Auteur : Catherine Clément

Editeur : Seuil

Nombre de pages : 256

Date de parution : 6 mai 2021

 

 

 

Je suis Catherine Clément depuis ma lecture de son roman Le voyage de Théo, un des cinq livres que j’emmènerais sur une île déserte. Cette historienne, spécialiste de l’Inde, a une façon très romanesque de faire découvrir et apprécier l’Histoire.

 

Dans ce nouveau roman, elle donne la parole à une ville. C’est Calcutta, une des villes du monde à la plus forte densité de population, qui nous parle.

Je ne suis pas née indienne, savez-vous ? Et je ne suis pas née sous le nom de Kolkata. Il y avait bien ici un hameau de quelques bicoques paysannes qui s’appelait Kalikata, dont les Anglais ont extrait « Calcutta ». Mais ce sont eux, les Anglais, qui m’ont portée à l’état de ville. Eux, tout seuls.

Comptoir marchand depuis 1600 suite à une négociation entre l’empereur moghol, Akbar le Grand et la reine Elisabeth Ière, devenue coloniale en 1757 puis intégrée à l’empire britannique suite à la guerre des Cipayes, Calcutta, née anglaise, est la capitale anglo-indienne du Bengale. Elle voit sa population s’envoler à l’Indépendance suite à la famine de 1943 puis à la partition en 1947. Deux millions de réfugiés afflueront encore en 1971 après la guerre d’indépendance du Bangladesh. Le roman de Dominique Lapierre, La cité de la joie, illustre toutes les conséquences de cette surpopulation dans les bidonvilles.

Notre narratrice très singulière part de divinités ( Kali bien sûr qui a donné son nom à Kalikata, Ramakrishna, le plus grand saint mystique du Bengale), de monuments ( mémorial de la reine Victoria, Palais du gouvernement, cathédrale Saint-Paul, le pont de Howrah, le monastère de la félicité…), de rites ancestraux ( fêtes de Dourga puis de Kali), de personnalités ( son préféré, Rabindranath Tagore , mère Teresa, frère Gaston Dayanand et le père François Laborde, quelques officiers anglais) de livres ou films pour décrire son parcours de sa naissance anglaise à sa réalité d’aujourd’hui.

Calcutta balaie des siècles d’histoire et elle me perd un peu dans la partie la plus ancienne. Si je connais un peu l’histoire de l’Inde depuis Gandhi, j’ai peiné sous l’afflux de noms de militaires anglais ou politiques indiens.
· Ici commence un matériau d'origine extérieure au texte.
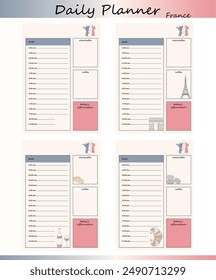 A set of four French-themed daily planner templates. Each template includes sections for scheduling, notes, reminders, and daily affirmations. Minimalistic and modern design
De ces courtes évocations, j’y ai glané des choses intéressantes ( l’évocation des Bibis, compagnes des officiers anglais, des Bauls dont les chants sont inscrits au patrimoine immatériel de l’Unesco, les peintures de Kâlighât, les poèmes devenus hymnes nationaux, le parcours nazi de Subras Chanda Bose, l’origine du scénario d’E.T., la guérilla naxalite…) mais le récit non chronologique d’une grande richesse est assez ardu à suivre.

Si je suis utile au vaste monde, c’est à cause du compliqué. Avec moi, rien n’est simple. Je suis anglo-indienne et communiste, maoïste et nationaliste, violemment révolutionnaire et mystique, dense et mutine, nazie et libertaire, je m’appelle Contradiction.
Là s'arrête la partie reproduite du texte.